Aim of the exercise: Output range, inclusive: from the line containing "GAIL discharges first" to the line containing "Samus Gets Fucked". Restate those lines from the data below word for word and only those.

Records provided:
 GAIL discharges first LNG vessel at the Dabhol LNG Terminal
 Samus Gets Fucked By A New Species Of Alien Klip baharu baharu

==

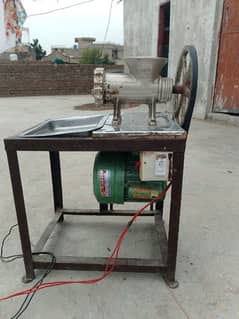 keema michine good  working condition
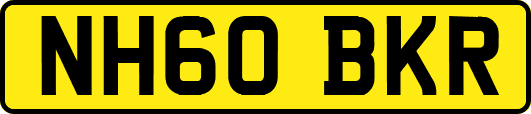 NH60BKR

Completed exercise:
 GAIL discharges first LNG vessel at the Dabhol LNG Terminal
 Samus Gets Fucked By A New Species Of Alien Klip baharu baharu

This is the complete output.